À Calais, la Cité de la dentelle et de la mode et le Musée des beaux-arts présentent conjointement, jusqu’au 3 janvier 2027, l’exposition « Maurizio Galante & Tal Lancman : haute couture, design, art ». Dans un espace noir, soixante vêtements de haute couture dialoguent avec autant d’objets de design. Dans l’atrium, une installation autour du Tigre nuage, composée de 2 500 feuilles de tulle découpées à la main et assemblées par des perles, reproduit la silhouette d’un tigre en taille réelle. Cette pièce rappelle la menace qui pèse sur certaines espèces animales.

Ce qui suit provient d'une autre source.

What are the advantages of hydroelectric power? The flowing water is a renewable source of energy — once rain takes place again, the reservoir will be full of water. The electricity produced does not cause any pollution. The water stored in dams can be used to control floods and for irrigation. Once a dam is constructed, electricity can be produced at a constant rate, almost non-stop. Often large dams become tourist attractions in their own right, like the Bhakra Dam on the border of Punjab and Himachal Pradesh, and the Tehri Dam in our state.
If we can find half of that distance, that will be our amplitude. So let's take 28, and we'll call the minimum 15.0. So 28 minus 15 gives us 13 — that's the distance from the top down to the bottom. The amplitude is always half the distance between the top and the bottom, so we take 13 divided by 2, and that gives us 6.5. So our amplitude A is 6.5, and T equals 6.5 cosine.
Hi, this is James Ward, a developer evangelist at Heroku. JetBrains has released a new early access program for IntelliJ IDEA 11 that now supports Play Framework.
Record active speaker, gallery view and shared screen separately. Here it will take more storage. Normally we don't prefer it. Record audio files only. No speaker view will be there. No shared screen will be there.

Au Musée de la toile de Jouy à Jouy-en-Josas, l’exposition consacrée à Amédée Couder (1800-1864) est accessible jusqu’au 10 janvier 2027. Cet artiste, pionnier du design de motifs en studio indépendant, a transposé les palmettes et boteh des châles cachemires pour les manufactures d’impression textile. Ainsi, plus de 50 œuvres textiles, graphiques et techniques retracent l’émergence du design textile moderne au XIXe siècle.

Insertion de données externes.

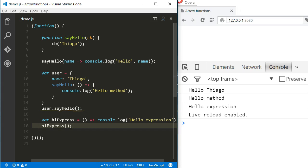But as you can see, the syntax is very simple. Now let's get to the part where arrow functions change the behavior we're used to when using ES5.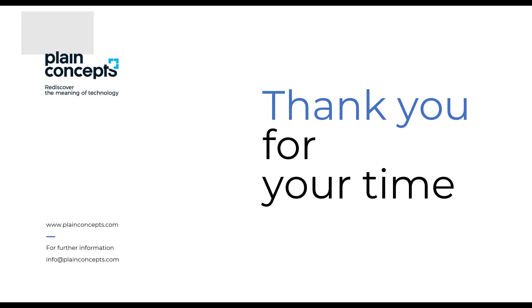Thanks for watching this video tutorial. Don't miss the next in the video series. We'll see you soon.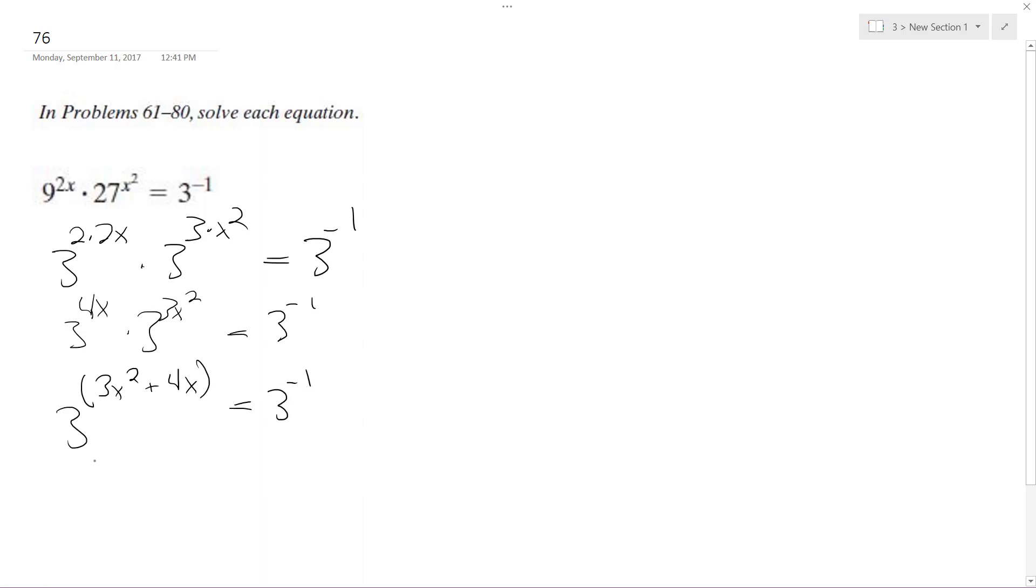Multiply these together, or drop the bases, so I get 3x squared plus 4x equals negative 1.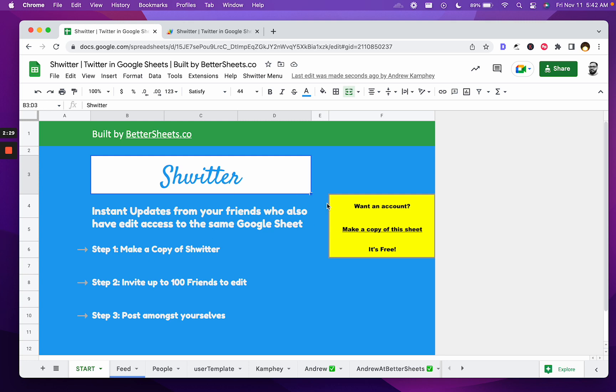Thanks. Enjoy. Make a copy. Edit with your friends. Create a copy for your friends, your business. Enjoy. Bye.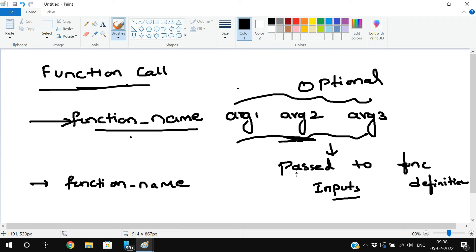Now we will see the execution part. We will write a simple function and a simple function call to demonstrate how the function call works and whether the function definition executes if the function call is not written.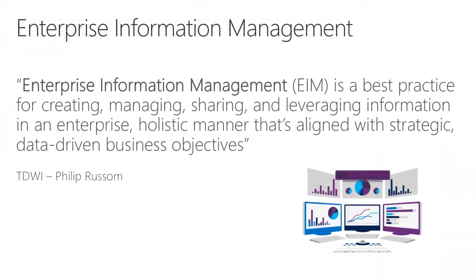Enterprise Information Management, also referred to by the acronym EIM, can be defined as a best practice for creating, managing, sharing, and leveraging information in an enterprise holistic manner that's aligned with strategic data-driven business objectives. This is a definition provided by Philip Russom from the Data Warehouse Institute.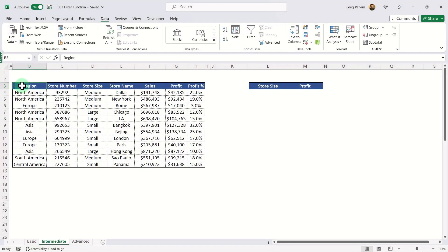Now let's walk through how the Advanced Filter option works. This is a really powerful feature that effectively lets us view and specify the criteria that are being filtered. The easiest way to explain it is just to show you.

Château-Chinon : un musée de la mode réouvert, trois siècles d’histoire du vêtement

À Château-Chinon, la Cité des présents – François Mitterrand a ouvert en mai 2026. Elle réunit le musée des cadeaux présidentiels et le Musée de la mode, dont les origines remontent à 1970, quand François Mitterrand, alors maire, avait acquis la collection de Jules Dardy. Depuis, les donations enrichissent régulièrement les collections, dont celle du couturier neversois Pascal Millet.

Le parcours actuel déroule plus de trois siècles de mode, de la robe à la française en taffetas de soie aux silhouettes contemporaines. Des pièces signées Yves Saint Laurent, Balenciaga, Jean Paul Gaultier ou Carven côtoient des tenues de haute couture portées par Lady Gaga ou Rihanna. En revanche, un gilet masculin du XIXe siècle ou un carré Hermès inspiré de la tapisserie de Bayeux rappellent que les expositions mode parlent aussi d’usages quotidiens et de codes sociaux.

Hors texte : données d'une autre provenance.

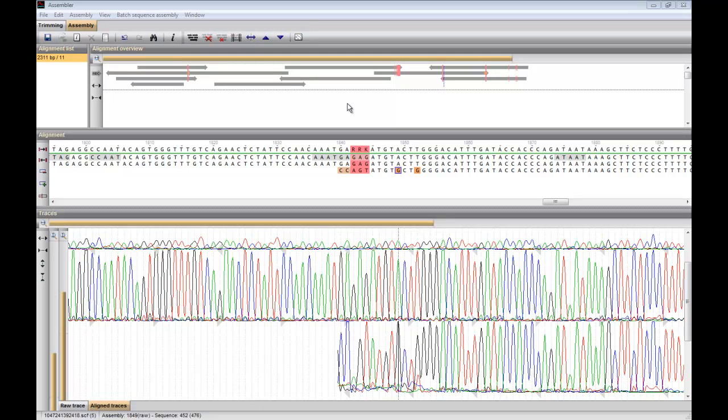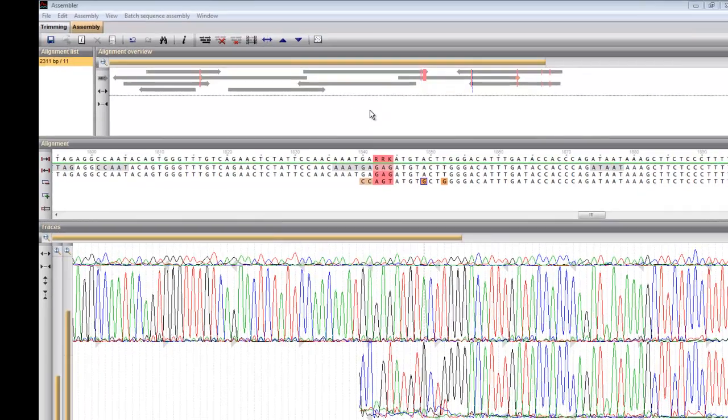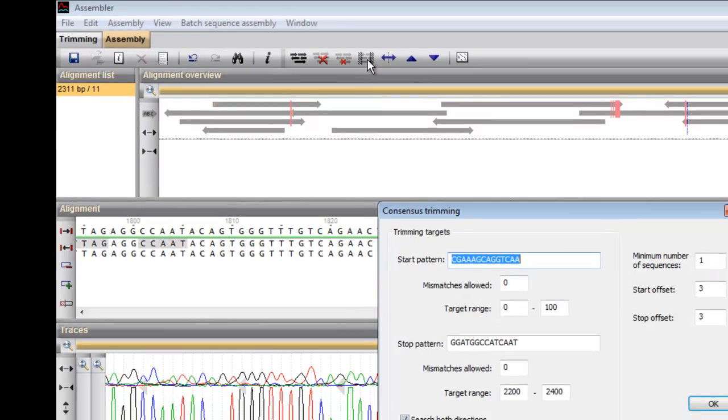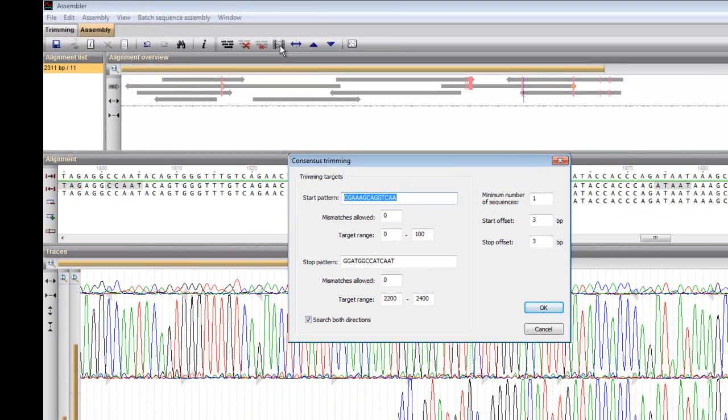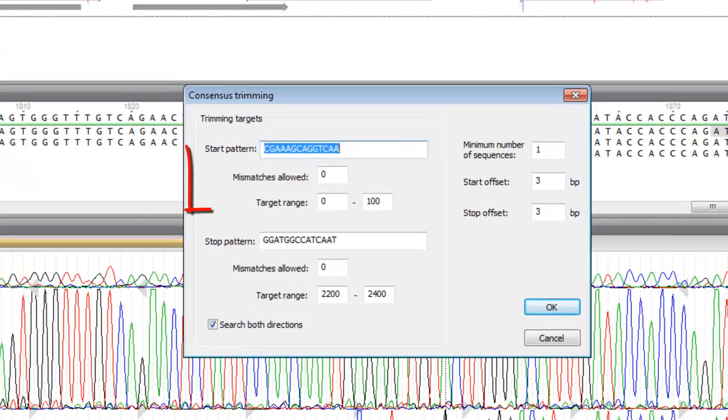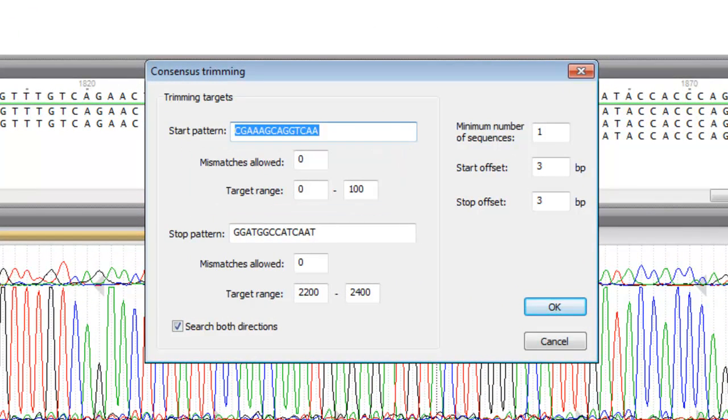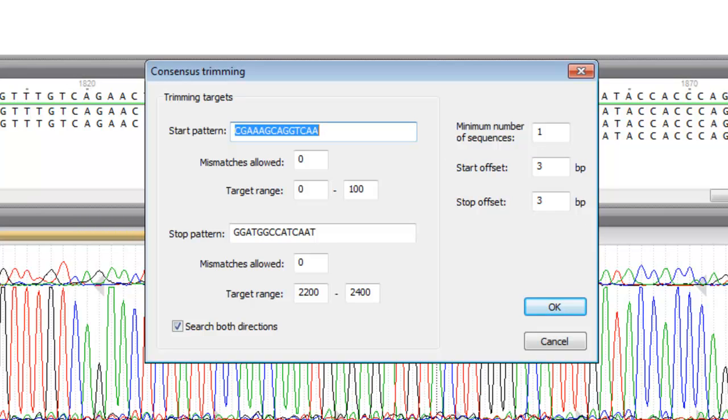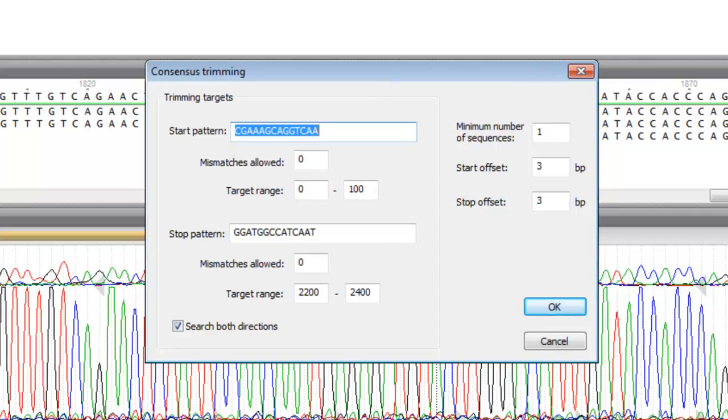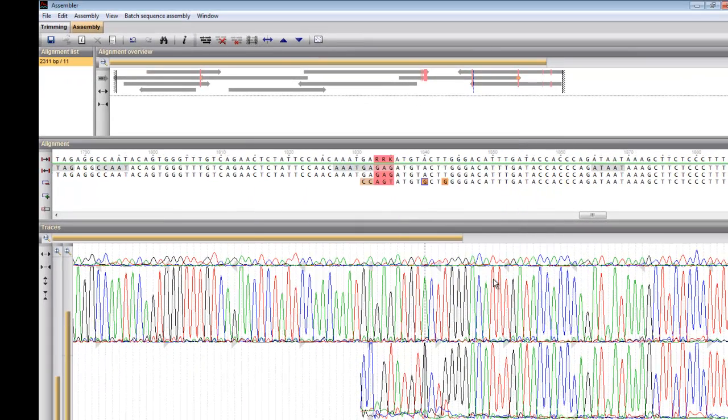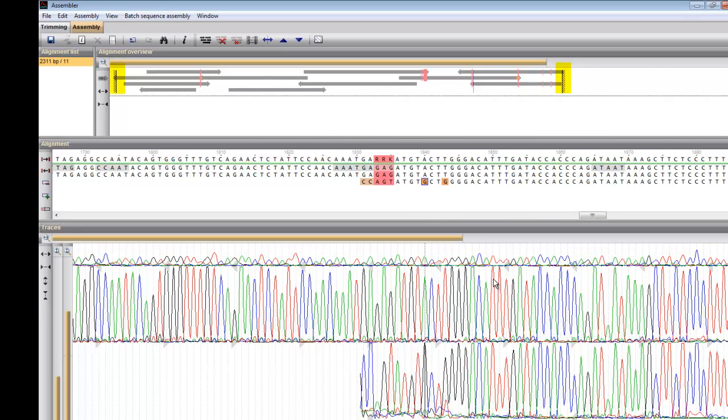Possible primer ends can be trimmed off the consensus sequence. Press the consensus trimming button to enter the target patterns to look for. You have a choice to allow mismatches and specify a target range in which the trimming site should be found. The number stated in the offset boxes indicates the amount of base pairs to be trimmed off the target and thus to be left out of the consensus sequence. I click OK and the trimming ends are indicated on the graphical overview.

Ces rendez-vous répartis dans toute la France montrent, ainsi, que les expositions mode de l’été 2026 ne se limitent pas aux grandes métropoles. De la Provence au Nord, du Morvan à la Côte d’Azur, chaque musée propose une lecture singulière du vêtement comme art, comme mémoire et comme geste créatif. Ces manifestations consacrées aux expositions mode confirment la richesse du patrimoine textile français et l’actualité d’une discipline qui continue d’interroger notre rapport au corps et à la société.